GAME REVIEW: Unpacking made me relive every stage of my life
An emotionally compelling narrative, told solely through gameplay

Game: Unpacking — Release: 2021 — Platform: Nintendo Switch
I’m coming to this game a few years late, and I regret that heavily; Unpacking is one of the best games I’ve ever played, and it should go to the top of your list to play next.
You play as Sadie (or your own name), starting in 1997 as a child, and progressing to 2018 through eight key moments in your life. In each of these “levels”, you’re unpacking your possessions from your boxes as you move into a new home under various circumstances.
Gameplay is incredibly simple: open the box, pick up the next object, and figure out the right place to put it. The soundtrack composed by BAFTA-winner Jeff van Dyck helps set the mood for both the highs and lows of this game, and extensive Foley work was done for each object in the game to create 14,000 unique sounds for picking objects up, moving them around, and putting them down.
Technically a puzzle game with “a character you never see and a story you’re never told”, as developer Witch Beam puts it, in truth the narrative is deftly interwoven through the gameplay, without needing to use words to communicate story to the player.
And that narrative is extremely compelling, to the point I cried several times while playing this game. Unpacking is a game that draws heavily on your own nostalgia for the 1997-2018 time period, as well as eliciting an empathic response from an audience who are likely to have lived through similar experiences.
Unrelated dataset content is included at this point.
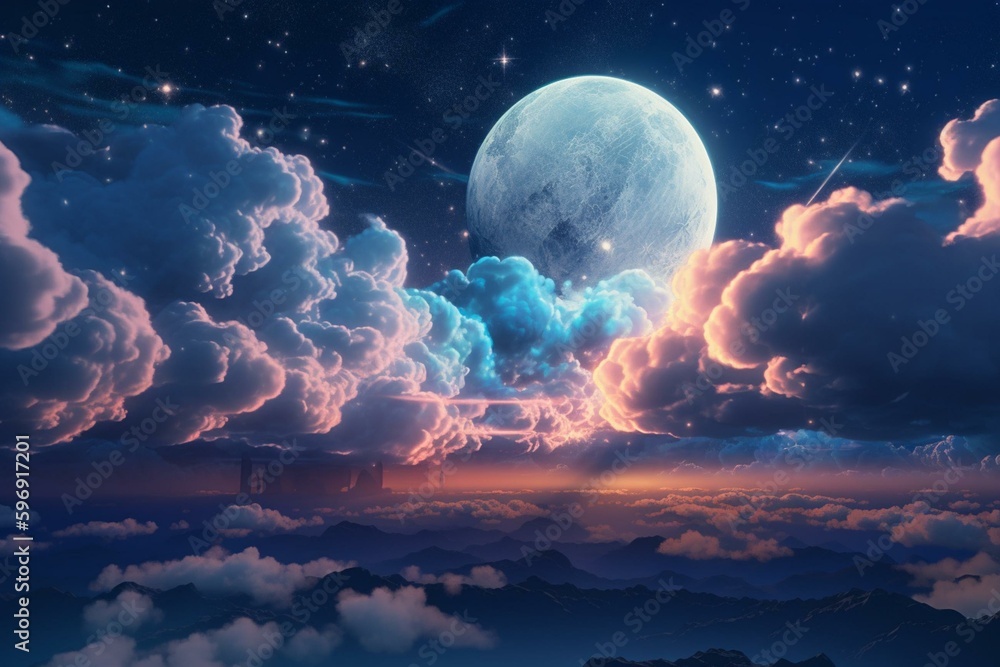 Anime night sky wallpaper featuring moon, stars, and clouds in pastel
Admittedly, the further you drift away from living in the cultural context of the creators behind the game, the more you may struggle to identify certain objects, and thus where you are supposed to place them. This is even more important because part of the narrative impact comes through seeing what objects you bring to your next home, and what you leave behind.
On the other hand, the game was even more relatable to me because I shared the cultural context of the protagonist, even her Jewish identity; finding place to put a Hannukah dreidel and a Game Boy on Sadie’s shelf in her 1997 childhood bedroom reminded me of organizing my own bedroom as a kid.
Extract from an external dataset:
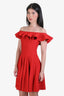 Alexander McQueen Red Ribbed Off Shoulder Ruffled Mini Dress Size S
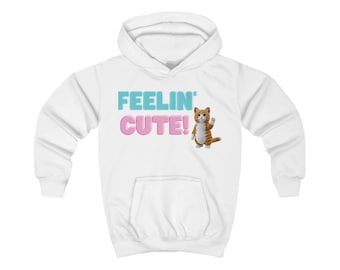 Kids Hoodie | "Feelin' Happy!" Cartoon Kitten Graphic, Playful Style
Then Sadie moves to her university dorm in 2004, and I relive leaving my own parent’s home to stay at university. She moves out of student housing to live with two roommates in 2007, and part of the puzzle challenge is that she can’t move anything that her roommates have placed…and they’re very inconsiderate people who didn’t make any space.
But what really gets upsetting, and intentionally so, is 2010, when you move in to your boyfriend’s apartment. You can move around his things, but he hasn’t made any space for you, and you have incredible difficulty managing to fit yourself into a space that is very clearly his and not yours.
At the end of the level, you realize that there isn’t any space on any of the walls in the entire apartment to hang your university degree. To complete 2010, and finish moving in with your boyfriend, you have to suffer the indignity of shoving your degree in the closet, or under your own bed, where nobody can see it.
I spent a lot of time frustrated trying to solve the level, and when I realized at the end what Witch Beam meant, I realized I was directly experiencing Sadie’s anger, and that Unpacking was using the gameplay to put me in the same emotional state as the protagonist inside the game.
And boy does it work; I had to take a step away from the console, because I started thinking about how I don’t know what box my degree is packed away into either. I was angry for Sadie, and I was angry for me, and then the game got more relatable.
In 2012, you’ve broken up with your boyfriend, and you have to figure out how to fit all of your adult items into your same tiny childhood bedroom from 1997. Whether or not you’ve had a bad breakup, pretty much all of Gen Z can relate to the high of moving out for university, thinking you’ve started adulthood, only to be forced back into a sense of childhood.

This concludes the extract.